Kodak’s New Instant Camera Has a Rotatable Lens That Adds a Quick Pop of Color
You can peel off the back of your prints to make them stickers, too.
Instant cameras are back and they have a lot of new tricks up their sleeves. Kodak released its Smile+ instant camera which has a built-in rotating lens that lets you quickly switch between three different modes. You can go from the standard Natural filter to the sepia-toned Retro filter with just a twist of the lens.
There’s no shortage of fun entry-level instant camera options these days, with Fujifilm Instax’s Mini 12 being the go-to option. Still, Kodak is trying to mix things up with its unique lens design and its prints that double as a sticker.
Switch Between Filters Before You Snap
Besides the Natural and Retro filters, the Smile+ has a Star filter mode to give a sunburst effect to any bright lights in your shot. Like most affordable instant cameras, Kodak’s latest offering also has a fixed focus and auto flash. It’s no Polaroid I-2, so don’t expect any hi-res photos from the Smile+ since it maxes out at five megapixels. Still, that’s more than enough to capture those fleeting moments that you’re buying this for.

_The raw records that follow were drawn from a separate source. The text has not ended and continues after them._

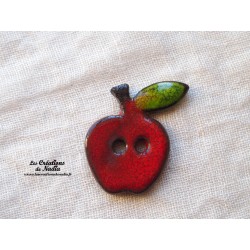 Bouton pomme rouge avec feuille en céramique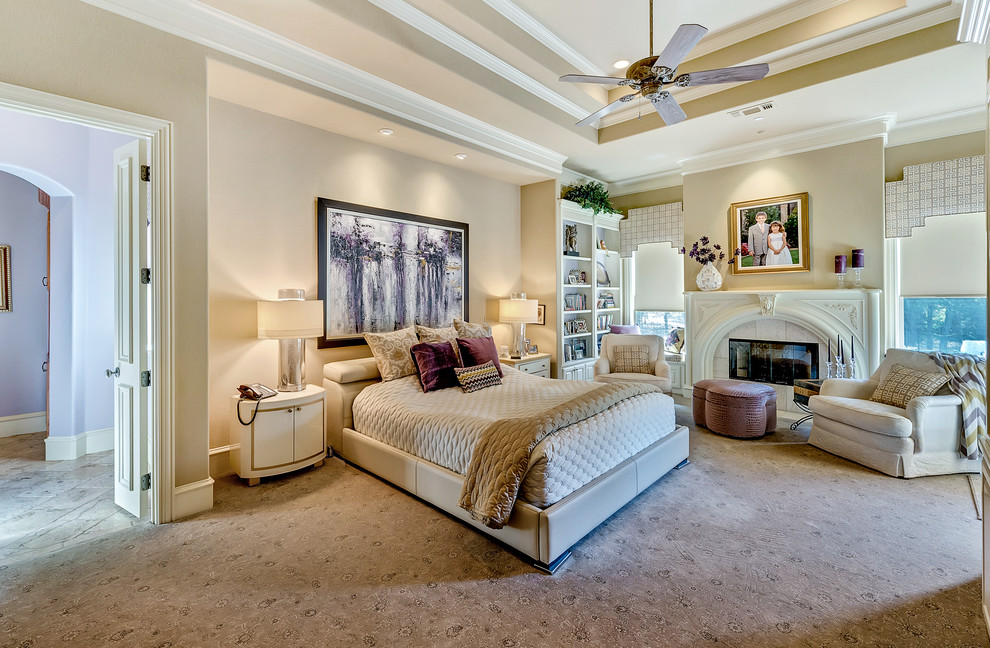 Design ideas for a traditional master bedroom in Dallas with beige walls and carpet.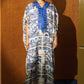 A model stands against a warm brown wood-paneled wall wearing a long, loose caftan dress with a blue and cream architectural pattern, set against a dark blue carpet.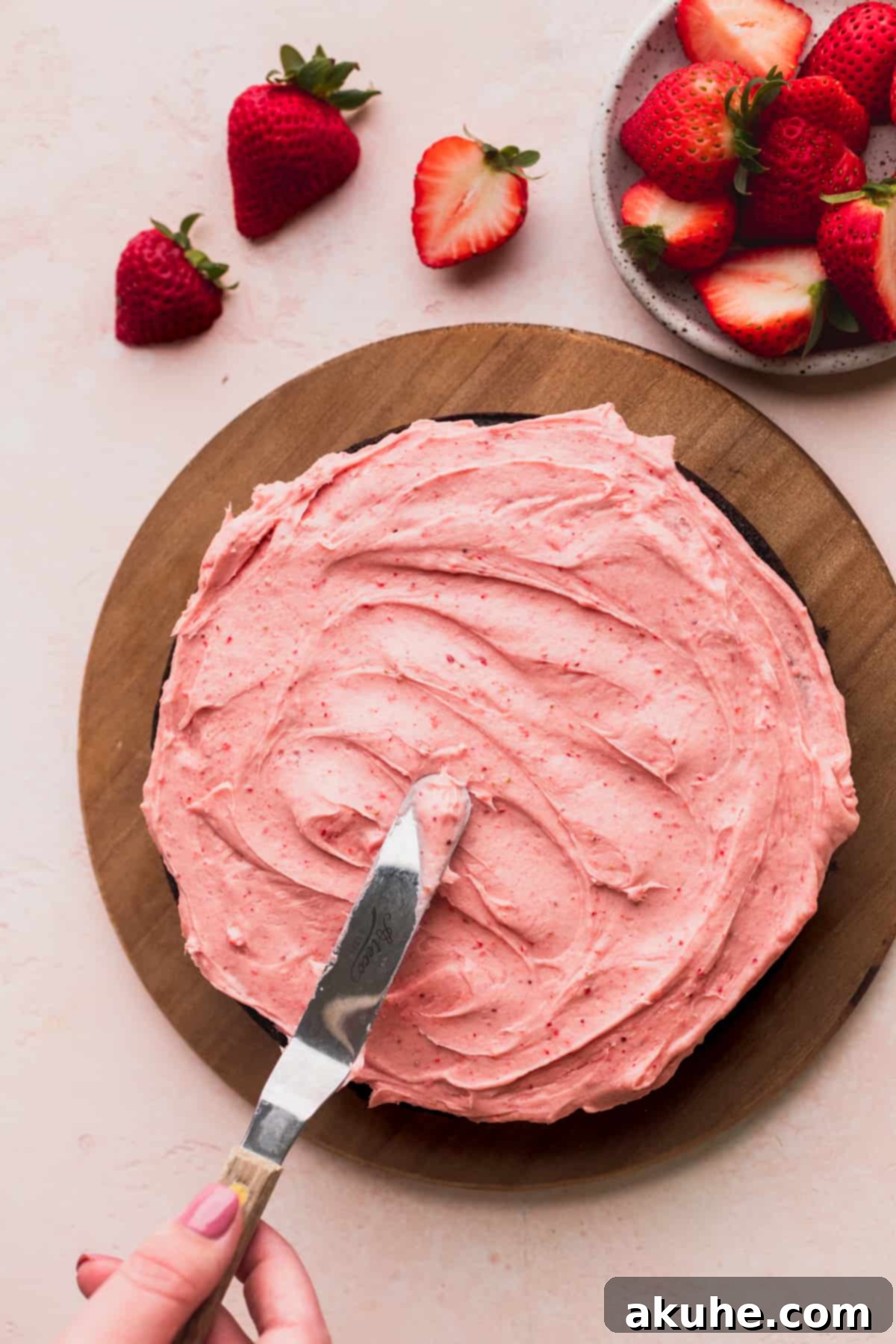 A baker using an offset spatula to evenly spread strawberry frosting on top of a chocolate cake layer.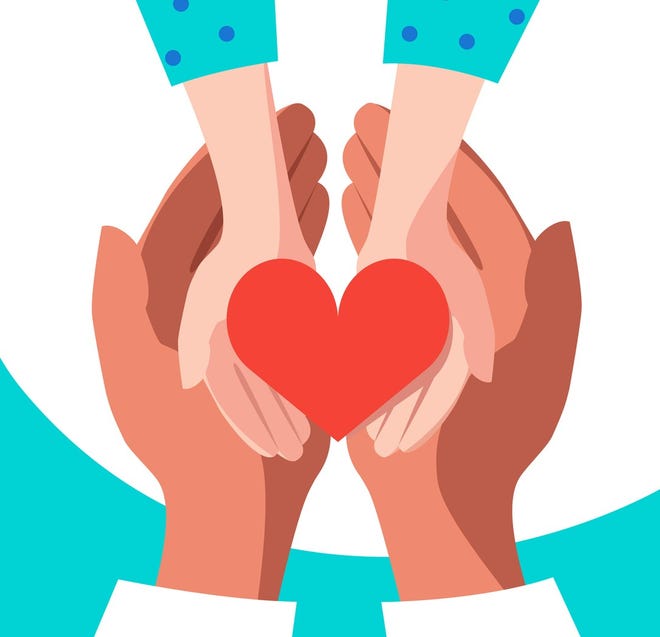 hands holding heart graphic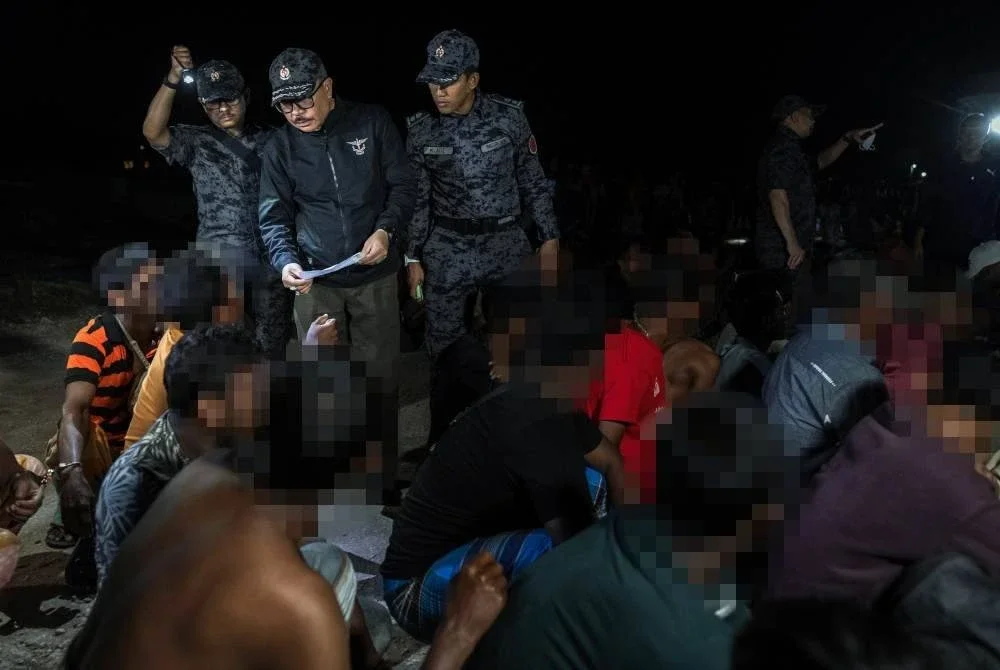 James (tengah) memeriksa dokumen warga asing ketika menyertai operasi bersepadu JIM Perak dan Pasukan Gerakan Am (PGA) di sebuah tapak pembinaan di Persiaran Panorama Lapangan Perdana awal pagi Sabtu. Foto Bernama 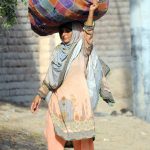 A woman on the way carrying a heavy bundle of dung cake on her head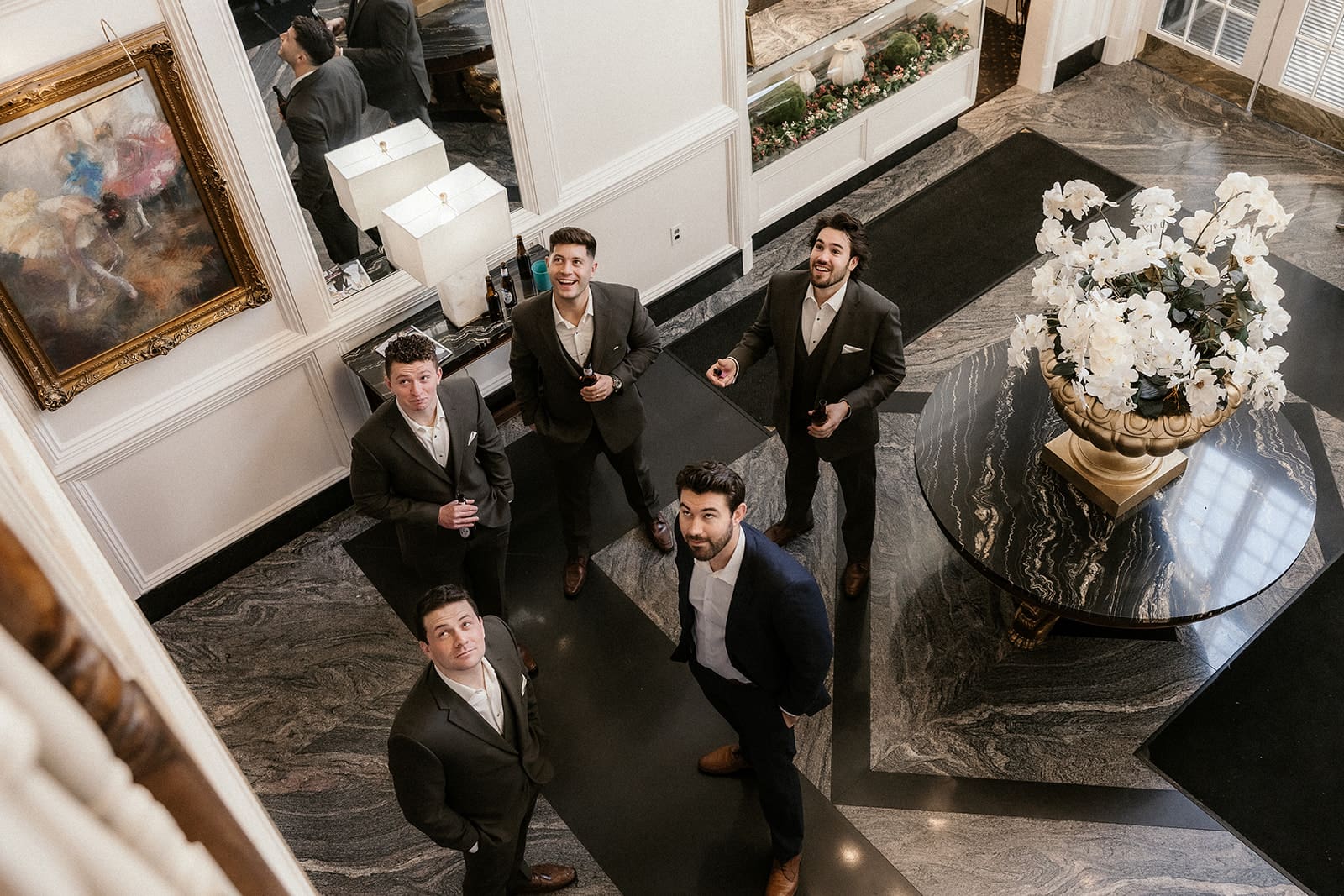 Groomsmen looking up at the balcony while the bride and groom take portraits.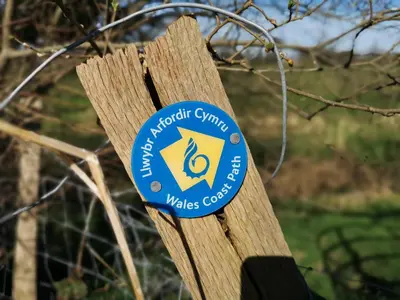 a sign on a wooden post with a logo on it at Y Bwthyn in Llanbedr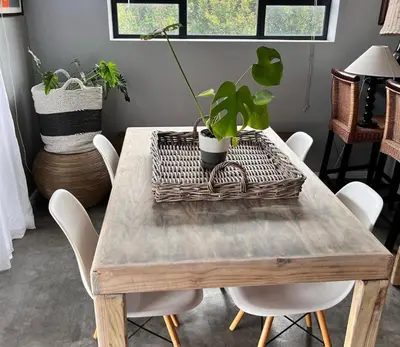a wooden table with white chairs and plants on it at 3 Indigo with Solar in Hermanus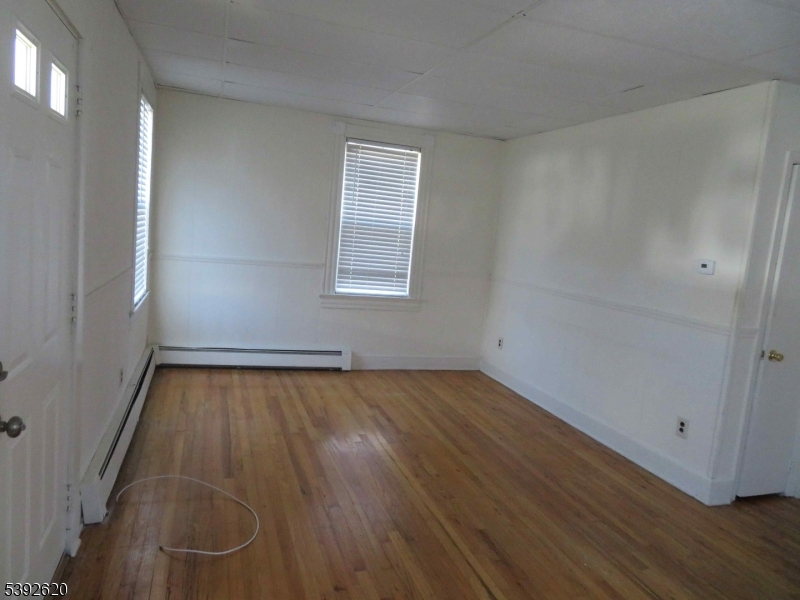 297 Center Street, Unit A Landing, NJ 07850 - Photo 5 of 17 an empty room with wooden floor and windows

You do have to exercise some patience with this instant camera since Kodak says it takes around 60 seconds to fully develop one of its shots. Once it’s fully printed, you can either keep it as a tear- and water-resistant two-inch by three-inch print or peel the back off to reveal its sticky back. If you want something a little less ephemeral, you can shove in a microSD card and the Smile+ will save your shots so you can later edit them in Kodak’s companion app.
Colorful Inside and Out
Kodak’s Smile+ is already available on Amazon for $99.99 in six color options, including white, black, pink, green, fuschia, and blue, which remind us a lot of Fujifilm’s fun color choices. It comes with five sheets of instant film so you can give it a test run before you go running off to buy more film packs.
Like with any film camera, instant or not, you’ll quickly find out that buying film is the more expensive part of the entire process. Although in Kodak’s case, you can buy 20-packs for $10, which is a decent rate so long as you’re careful with your shots.